Monday, Apr. 20, 1981

Core Courses

A way to general ed

As chancellor of the sprawling State University of New York during the early 1970s, Ernest Boyer often met with angry students who demanded the abolition of required courses. Boyer disagreed. But he also took seriously complaints that "general education" courses (courses supposed to be broad enough to benefit all students) were often little more than rehashes by junior faculty members of their recent Ph.D. dissertations. He still does. "Students have not abandoned general education," Boyer concludes, "general education has abandoned them."

Now the new president of the Carnegie Foundation for the Advancement of Teaching, Boyer has launched a crusade for general education. On most campuses, he says, it has become a cluttered "spare room" thoughtlessly located in student schedules somewhere between electives and degree-program courses. Boyer kicked off his crusade last week at a conference for 200 scholars and foundation executives at the University of Chicago. Participants received a 68-page Carnegie essay touting general education as an antidote to "self-preoccupation and social isolation." Its message: "All students should come to understand that they share with others the use of symbols, membership in groups and institutions, the activities of production and consumption, a relationship with nature, a sense of time, and commonly held values and beliefs."

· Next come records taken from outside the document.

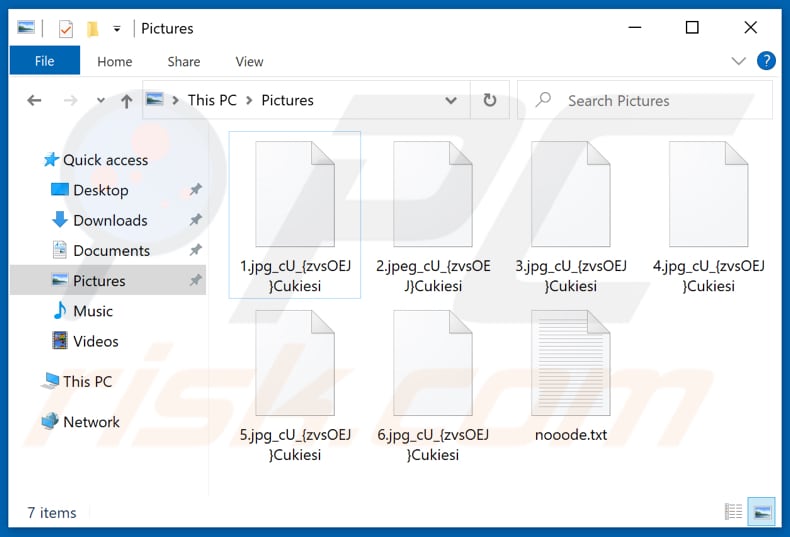 Archivos encriptados por el ransomware Cukiesi (extensión _cU{zvsOEJ}Cukiesi)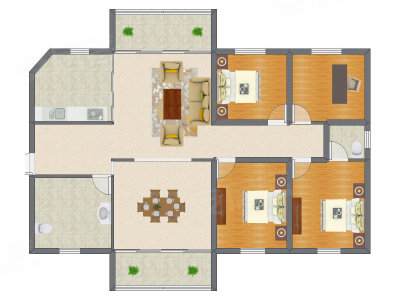 3室2厅 121.62平米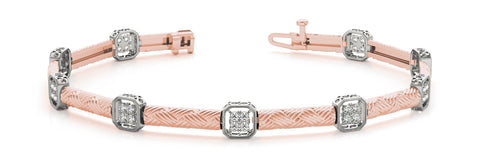 Rose gold Pavé Square Diamond Cable Bracelet with Bezel Prong Setting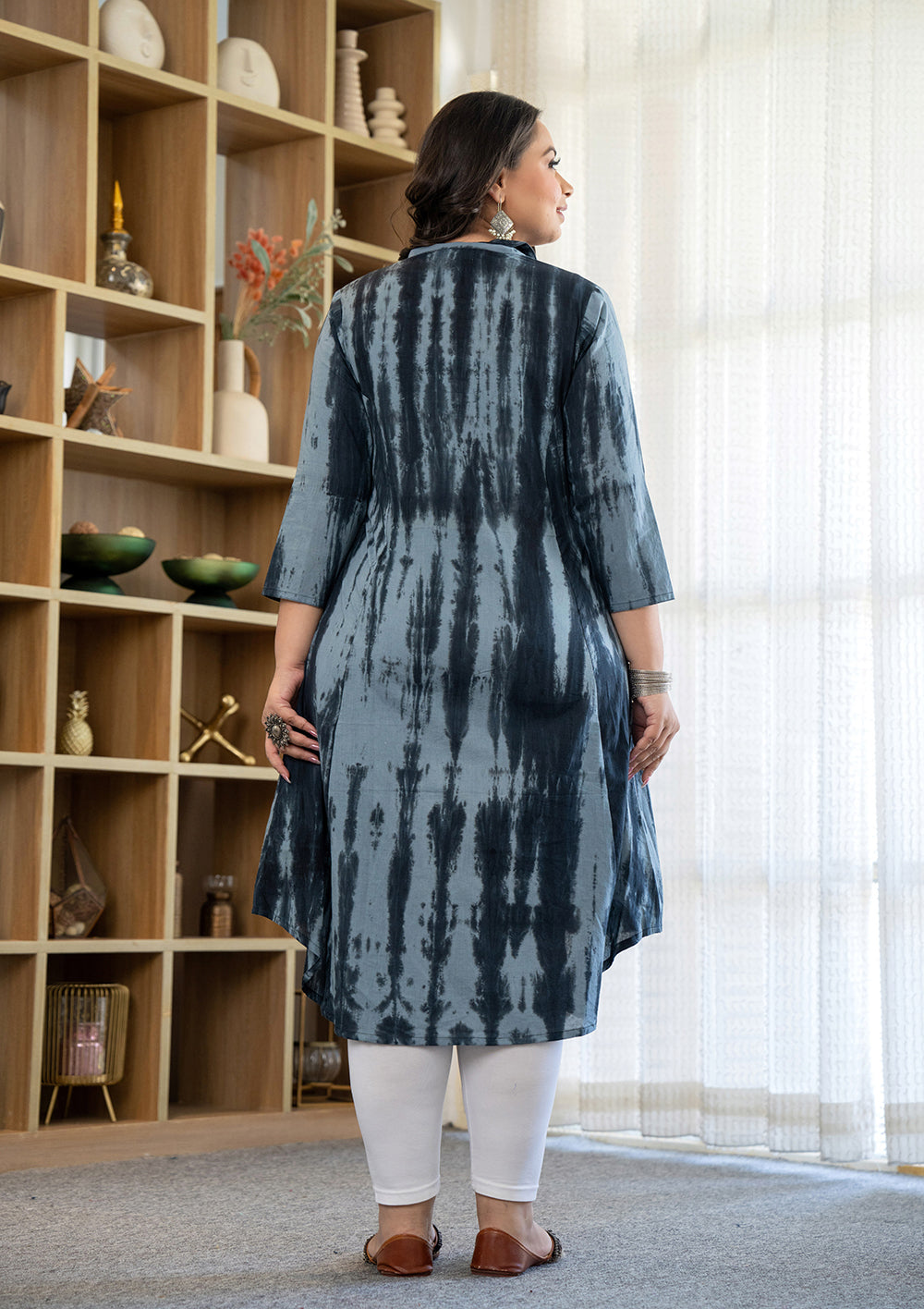 Kaajh Women's Black Tie Dye Printed Plus Size Cotton Kurta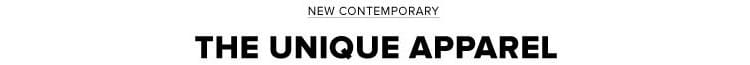 The unique apparel logo with bold black sans-serif text displaying new contemporary above and the unique apparel below on a men’s linen mandarin collar shirt.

Many educators give lip service to such familiar and useful aims. Boyer's main point, though, is that most colleges ignore them in the day-to-day business of planning curriculums. Instead of thinking about how best to provide a general education, most colleges, says Boyer, merely turn students loose to choose from a grab bag of courses that make the approved list as a result of academic politics. In planning student programs, explains Carnegie Senior Fellow Arthur Levine, "at most schools, three credits in economics is the same as three in political science. Biology is equivalent to physics. You can satisfy humanities requirements with Shakespeare or science fiction, Faulkner or an introduction to film. It doesn't matter. But it should." One answer, according to Boyer, is requiring all students to take a few well-planned, interdisciplinary "core" courses. Another: special campus-wide conferences about how academic disciplines relate to each other. Sums up Chicago's Dean Jonathan Smith, "To dump on students the task of finding coherence in their education is indefensible. Colleges shouldn't be allowed to collect tuition on that basis."